Property identifiers

Modern property names are upper case only. In ancient game records one meets "Black[jj]" instead of "B[jj]", and "REsult[B+3]" instead of "RE[B+3]", and "SiZe[19]" instead of "SZ[19]", and "CoPyright[...]" instead of "CP[...]". Software handling SGF must be able to accept lower case letters in property names (and ignore them). Similarly, one meets "RE[B+Resign]", "RE[B+Time]", "RE[B+Forfeit]" instead of "RE[B+R]", "RE[B+T]", "RE[B+F]".

Usually, the first symbol of a property identifier is upper case, but one meets "GaMe[1]goWriteVersion[1.4e]".

There have been times that a property name had at most two upper case letters. Modern software accepts property names of arbitrary length. Property names like KGSDE, KGSSB, KGSSW and MULTIGOGM are common.

Escapes

The above grammar only gives special status to the "]" symbol, and no other symbols need escaping than this, and a "\" that is not meant to be an escape. Earlier grammars also made the colon ":" special, and one meets escaped colons, and escaped multibyte characters of which the first byte is '\' or ']' or ':'. Such escapes can be ignored.

Individual properties

AP
In the FF[4] standard this has syntax "simpletext ':' simpletext", where the idea is that the colon separates program name and version. In practice one sees e.g. GoGoD95 and Free Climber 0 . 8 . 11 . 61 without colon.
B, W
Since ss is the lower right hand corner of a 19x19 board, tt was used to denote a pass. But larger boards are sometimes used, and a pass should now be written B[] or W[].
CA
In FF[4] the default character set was ISO-8859-1 aka Latin-1. Today this is unreasonable, and UTF-8 is the new default. On the one hand because there is no reason to expect Western Europe to be the main producer of SGF files. On the other hand, because ASCII and UTF-8 can be recognized with high confidence, while ISO-8859-1 cannot easily be recognized.
CR
It is common for display programs to indicate the last move in some way, e.g. with a circle. Sometimes a game record is redundantly marked up with lots of CR[]s, since each move was the last one when it was played.
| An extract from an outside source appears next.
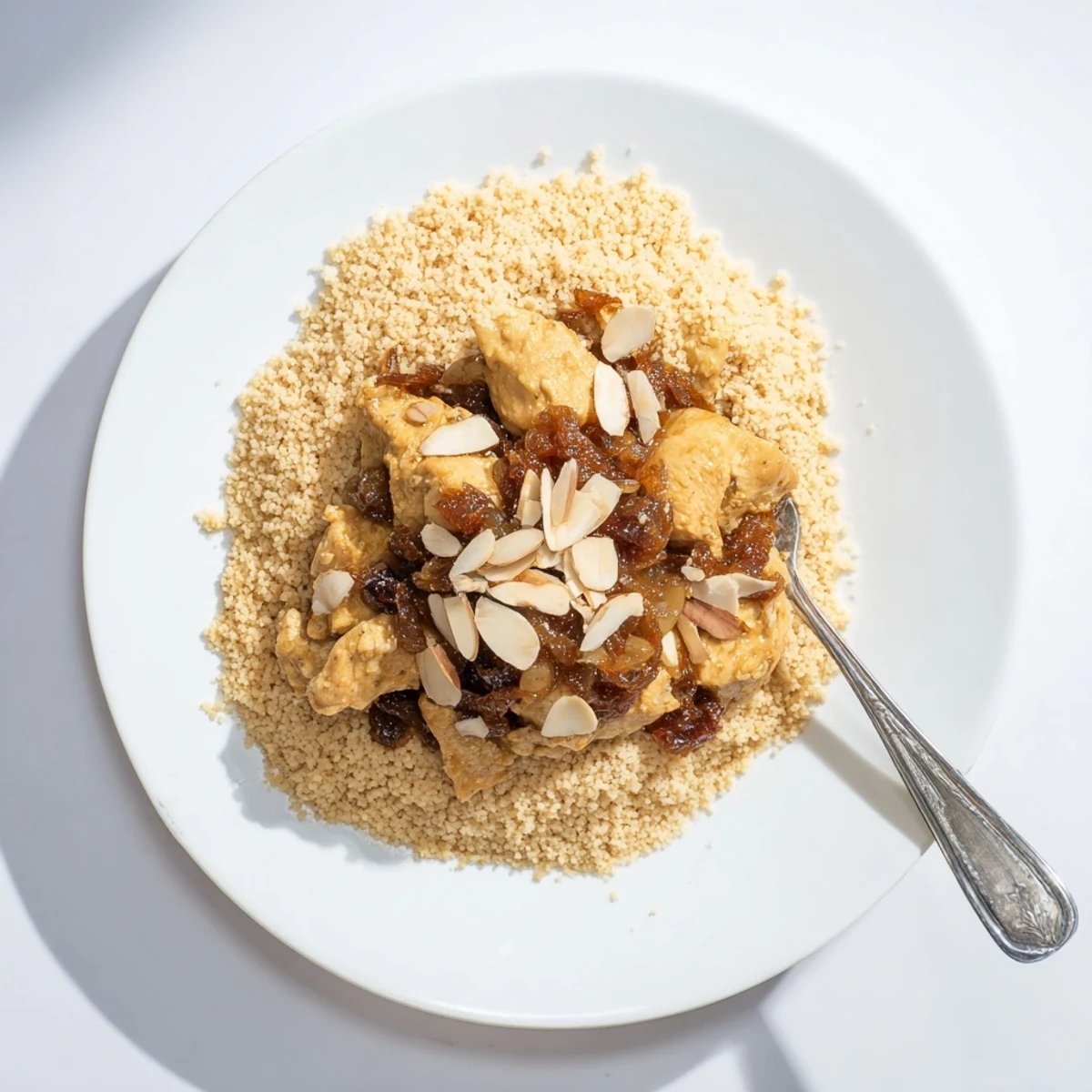 Golden Moroccan couscous topped with caramelized onions, raisins, and toasted almonds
Of course such last-move circles need not be indicated in the game record.
PL
The color of the player to move is indicated by B or W, sometimes Black or White. In older files one also sees PL[1] and PL[2] instead of PL[B] and PL[W]. (This is according to the alphabetical list in the FF[3] standard.)
RE
In the FF[4] standard the result Jigo is represented as RE[0]. In practice one finds collections where the result is missing for all games with Jigo result. Writing RE[Jigo] is more robust.
TM
In the FF[4] standard the parameter is a real. In practice this is inconvenient, and one encounters TM[5400] and TM[300] where TM[15h] and TM[5h] was meant. Using units leads to fewer errors.

Obsolete properties

In the FF[4] and earlier standards several properties are described that are omitted here. Nothing is wrong with properties outside the present text, except that they are not standardized here, and their function will depend on the software used.
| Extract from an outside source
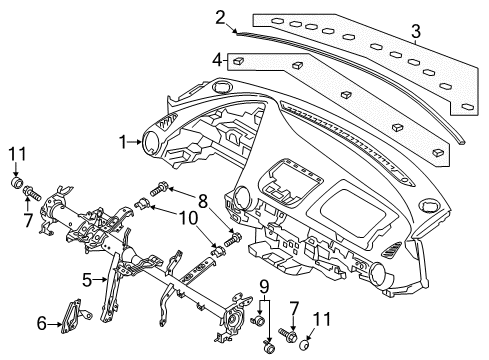 2018 Toyota Yaris iA Cluster & Switches, Instrument Panel Reinforce Beam Center Bracket Diagram for 55347-WB001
Examples are AR (Arrow), BM (Bad move), BS (Black Species), CH (Check mark), DD (Dim points), DG (Diagram), DI (Difficulty of a problem), DM (even position), DO (Doubtful move), EL (Eval. comp move), EX (Expected move), FG (Figure), GB (Good for Black), GW (Good for White), HO (Hotspot), KO (illegal move), ID (Game identifier), IL (Illegal move), IT (Interesting move), L (Letter), LN (Line), LT (Loss on Time is enforced), M (Mark), OM (Moves per overtime), ON (Opening Name), OP(Overtime period), OV (Operator overhead), PM (Print move mode), RG (Region), SC (Secure stones), SE (Self test), SI (positions marked with a Sigma), ST (Style), TC (Territory Count), TE (Tesuji), UC (Unclear position), V (Value), WS (White Species).

General remarks

Coordinates

The default SGF coordinates have origin upper-left and rows and columns labeled a..s (on a 19x19 board). The standard coordinates used in the West have origin bottom-left, with rows numbered 1..19, and columns A..T where the I is skipped. It is easy to extend software to understand both systems of coordinates.

Time properties

At the end of the game, one wishes to write how much time the game took. Nowadays that often takes the form of a comment: C[Time used: B: 9h59m, W: 4h58m]. Sometimes TM is misused here. One might consider adding a property TU ("Time used").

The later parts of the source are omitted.